W ostatnich dniach, w Komisariacie Policji III w Krakowie pojawiła się kierowniczka jednej z aptek z Prądnika Białego, która poinformowała o zrealizowaniu sfałszowanych recept przez jedną z ich klientek. Pracowników apteki zaniepokoił fakt, że owa kobieta pojawiała się u nich co kilka dni ( czasami czekała już przed otwarciem ) i za każdym razem miała do realizacji wypisaną ręcznie receptę na bardzo silne leki psychotropowe. Dziwił również fakt, że lekarz który wystawił rzekomo te recepty, miał praktykę lekarską w ZOZ-ie w województwie kujawsko pomorskim a kobieta pochodziła z Krakowa.
Po dokładnym sprawdzeniu druków recept okazało się, że istnieje drobna niezgodność w nazwisku lekarza, który miał rzekomo je wystawić. Pracownicy apteki skontaktowali się z nim i wtedy okazało się, że lekarz ten nie ma absolutnie nic wspólnego z wypisywaniem recept dla kobiety z Krakowa. Natomiast sprawę zniknięcia części recept zgłosił do prokuratury.

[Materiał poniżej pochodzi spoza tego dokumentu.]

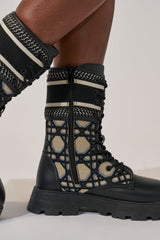 AMADA CANVAS PRINT COMBAT BOOT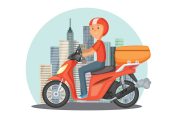 contribuable sur un scooter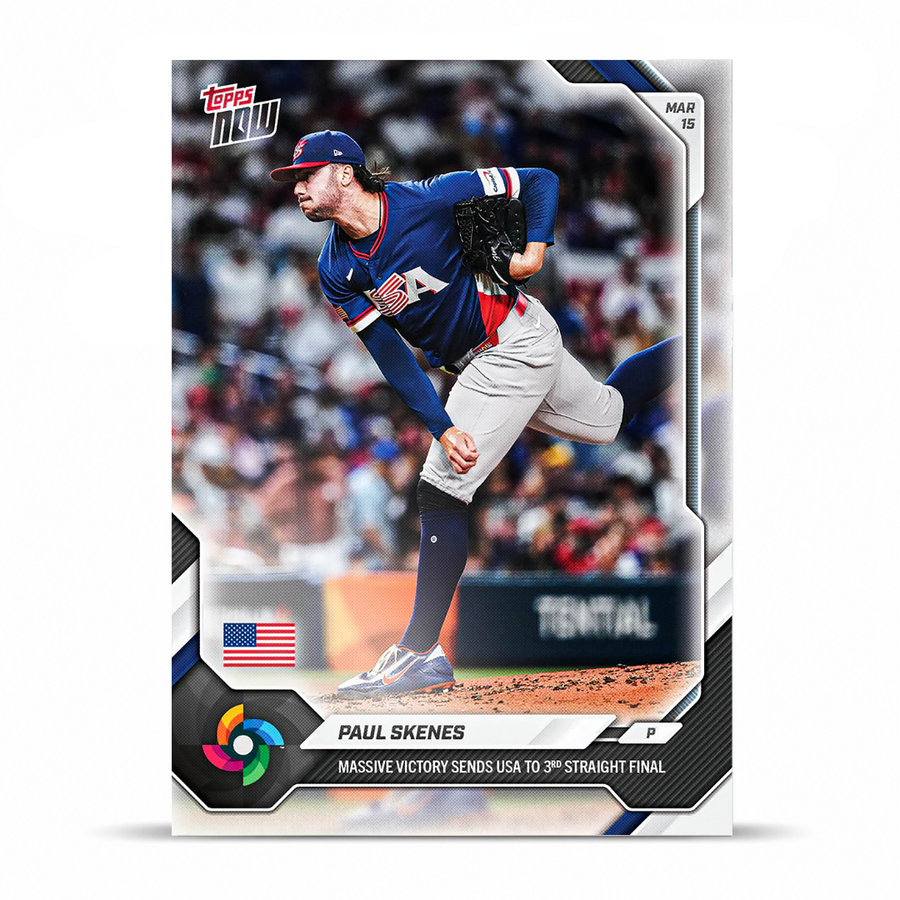 Paul Skenes - Open Edition Base Card - 2026 World Baseball Classic Topps NOW® - Card 35 - PR: 16,243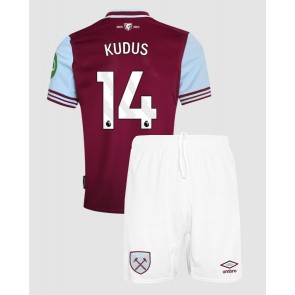 West Ham United Mohammed Kudus #14 Hemmatröja Barn 2024-25 Kortärmad (+ Korta byxor)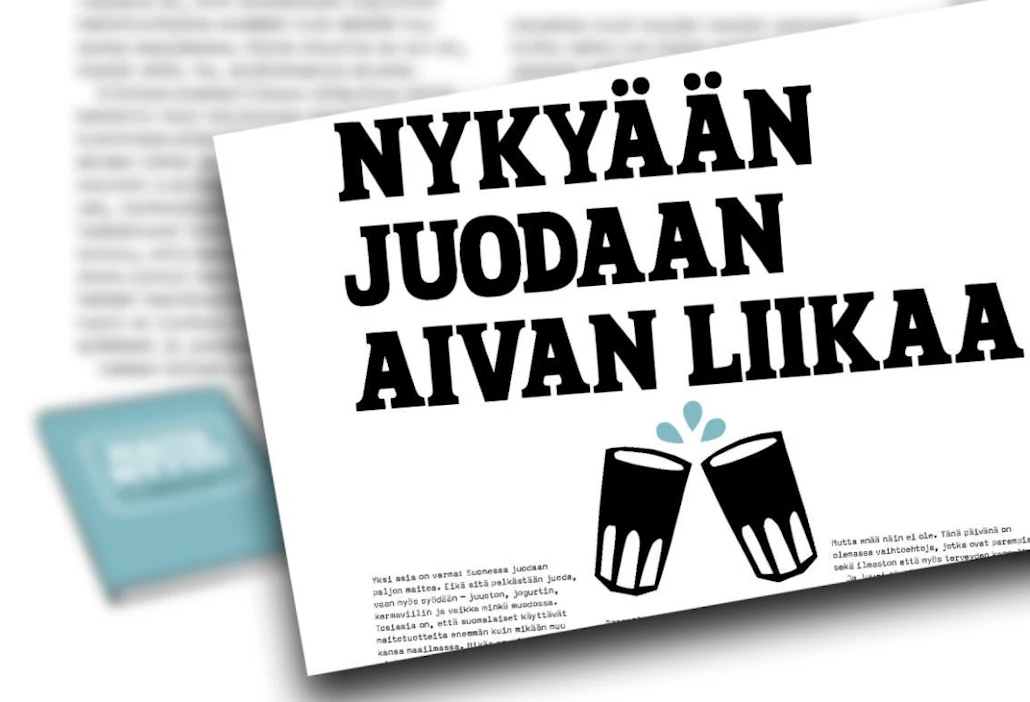 Oatly väittää mainoksessaan, että suomalaiset juovat liikaa maitoa ja aiheuttavat siten kasvihuonepäästöjä.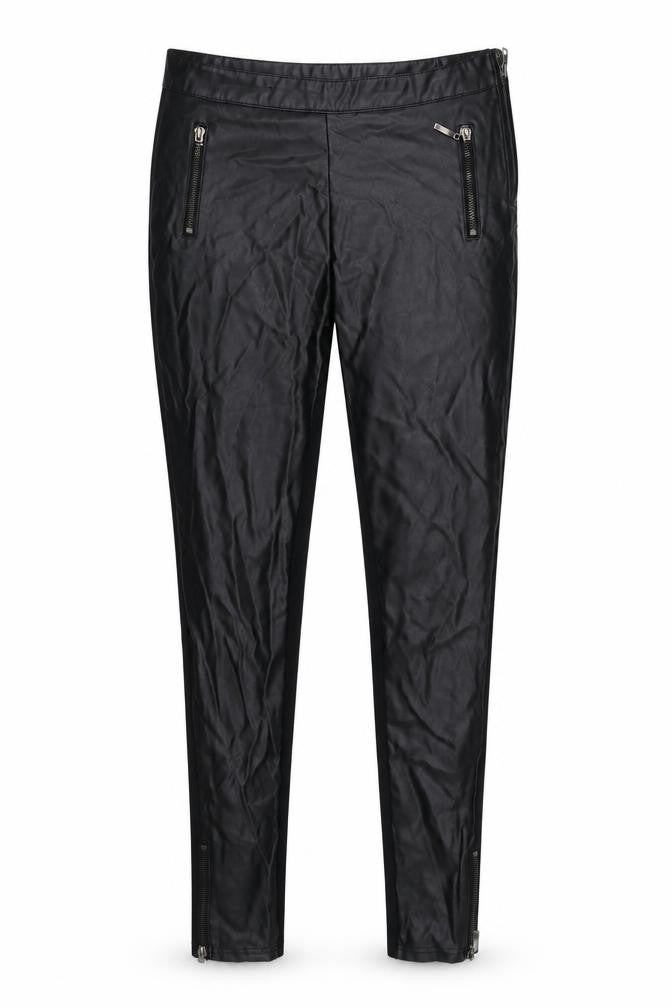 Front view of New Look women’s black trousers, size UK 10, 29-inch leg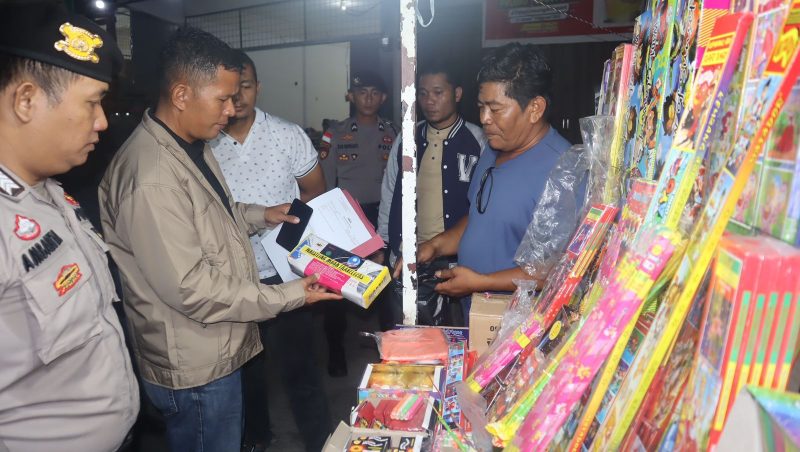 Polres Bintan saat melakukan Kegiatan Rutin Yang Ditingkatkan menjelang lebaran Idulfitri mendatang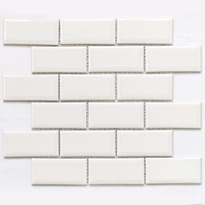Плитка Bonaparte Mosaics Brick White 28.75x29.2 см, поверхность глянец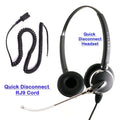 Headset Desk for Voice RJ9 Tube Headset Adapter - Cisco Cisco with Phone Binaural Mic Headset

Sprawą zajęli się policjanci z III Komisariatu Policji w Krakowie. Ustalono, że kobieta przychodziła do apteki od października , realizując 2 recepty na fikcyjne nazwisko oraz 9 recept na swoje. 20 listopada, 39-letnia kobieta została zatrzymana przez „ operacyjnych” z III KP. Zebrany materiał dowodowy pozwolił na przedstawienie jej zarzutów dotyczących fałszerstwa dokumentów ( art.270 KK ). Grozi jej do 5 lat pozbawienia wolności. Policjanci ustalają czy kobieta nie wykupywała leków na podstawie fałszywych recept w innych aptekach oraz jak weszła w posiadanie czystych blankietów.